Stoughton’s father began his career in the household of Catherine Howard, and remained a courtier during four reigns. In 1562 Elizabeth confirmed the grant of the hospital of St. John in Warwick, which remained his family’s main residence. Stoughton himself, though the eldest son and heir, remained in Surrey. His background is obscure. If he was the William Stoughton who qualified as a civil lawyer, it is odd that he should be described as ‘gent.’ on the election return. At any rate he became associated in some way (probably as a member of his household) with the puritan 3rd Earl of Huntingdon, whose religious views he shared, and who may have obtained for him the position at Groby, since, as a peculiar, it was exempt from diocesan jurisdiction. His return to Parliament for Grampound in 1584 may have been due to Huntingdon’s friendship with the 2nd Earl of Bedford. Stoughton was added, 16 Dec. 1584, to the committee examining the many religious petitions offered to the House, which, in turn, compiled a petition for the Lords containing a demand for the removal of unqualified ministers.

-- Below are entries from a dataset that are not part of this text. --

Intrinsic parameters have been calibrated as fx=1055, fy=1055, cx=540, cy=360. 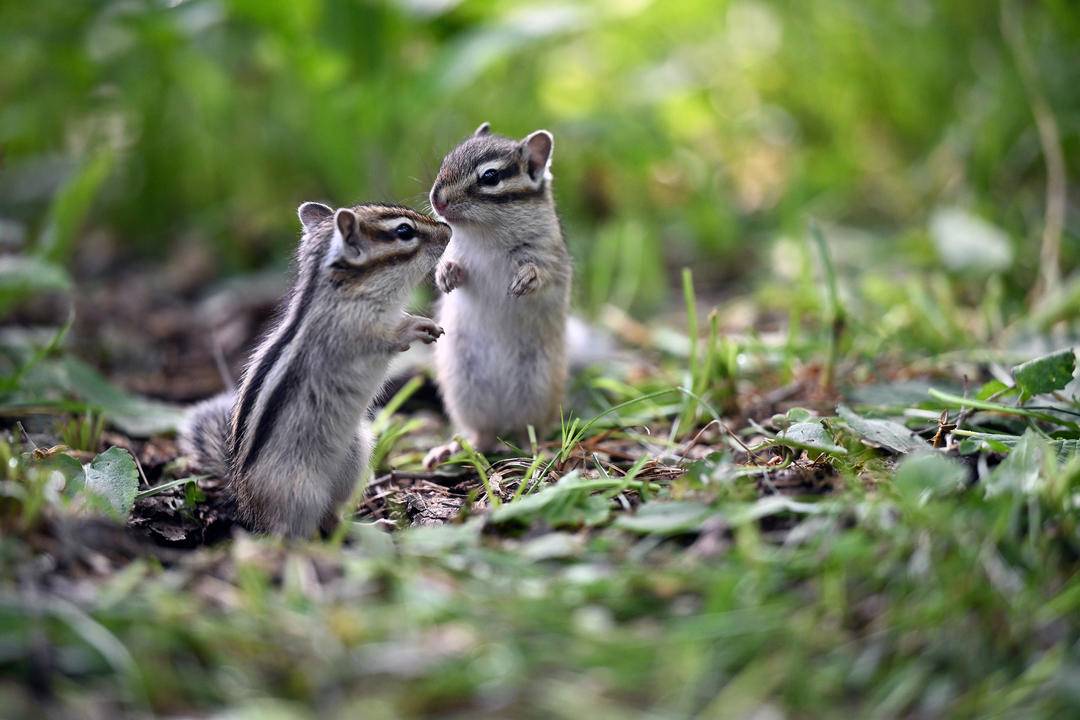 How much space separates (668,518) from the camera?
3.18 m

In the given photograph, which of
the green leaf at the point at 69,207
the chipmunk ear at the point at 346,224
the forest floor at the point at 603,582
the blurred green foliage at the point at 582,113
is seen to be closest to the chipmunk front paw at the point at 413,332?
the chipmunk ear at the point at 346,224

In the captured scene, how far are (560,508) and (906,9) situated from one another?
21.8ft

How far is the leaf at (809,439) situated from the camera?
11.9ft

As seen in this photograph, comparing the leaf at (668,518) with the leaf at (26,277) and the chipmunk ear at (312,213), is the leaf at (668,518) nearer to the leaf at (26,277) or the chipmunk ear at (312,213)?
the chipmunk ear at (312,213)

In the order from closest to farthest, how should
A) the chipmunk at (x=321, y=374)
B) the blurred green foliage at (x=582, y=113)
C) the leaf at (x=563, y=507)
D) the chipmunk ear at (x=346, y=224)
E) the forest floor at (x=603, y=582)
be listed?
the forest floor at (x=603, y=582) → the leaf at (x=563, y=507) → the chipmunk at (x=321, y=374) → the chipmunk ear at (x=346, y=224) → the blurred green foliage at (x=582, y=113)

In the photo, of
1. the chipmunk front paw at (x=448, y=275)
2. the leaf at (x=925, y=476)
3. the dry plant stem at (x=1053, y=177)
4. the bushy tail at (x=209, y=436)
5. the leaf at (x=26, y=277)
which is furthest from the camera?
the dry plant stem at (x=1053, y=177)

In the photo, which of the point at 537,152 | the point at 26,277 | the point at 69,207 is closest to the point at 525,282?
the point at 537,152

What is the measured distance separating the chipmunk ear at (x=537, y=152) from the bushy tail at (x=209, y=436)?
67.5 inches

On the following 15 Feb. he ‘offered unto this house a certain supplication in parchment of certain abuses in the ministry within the county of Leicester’, one of several county reports which the puritans had been compiling for some time. His interests as a country gentleman are reflected in his appointment to a committee for the preservation of game, 17 Mar. 1585, and on 26 Mar. he was in charge of a committee dominated by puritans which, contrary to the Queen’s specific order, revived a bill against excessive fees in ecclesiastical courts.3
Little is known about Stoughton’s later career. He appears as a witness to several wills in Surrey in the 1590s ! but there is no local evidence to indicate whether he was pursuing any puritan activities there. Early in James I’s reign he published abroad An Assertion for True and Christian Church Policy, advocating a reformed episcopate and an end to canon law. He thought ministers should be selected by their congregations.4
Stoughton’s will, made in January and proved in November 1612 suggests that he died in debt, though he made provision for his wife and six surviving sons and daughters. He owned land in Witley, Kingston, Pirbright and Stoke, Surrey, and some of his furniture was in the parsonage at Stoke. A long passage towards the end of the will suggests that his religious beliefs had not changed.5
Ref Volumes: 1558-1603
- 1. Dugdale, Warws. 460.
- 2. Manning and Bray, Surr. i. 171 table; iii. 29; Vis. Surr. (Harl. Soc. xliii); Vis. Warws. (Harl. Soc. xii), 141, 315; P. Collinson, Letters of Thomas Wood, x; Eliz. Puritan Movement, 181.
- 3. LP Hen. VIII, xv. 9 and xvi. 175; CSP Dom. 1547-80, p. 110; CPR, 1555-7, p. 396; VCH Warws. ii. 115-16; v. 121; Collinson thesis, 504, 508-11; Nichols, Leics. iv. 632-3; D’Ewes, 340, 349, 369, 373.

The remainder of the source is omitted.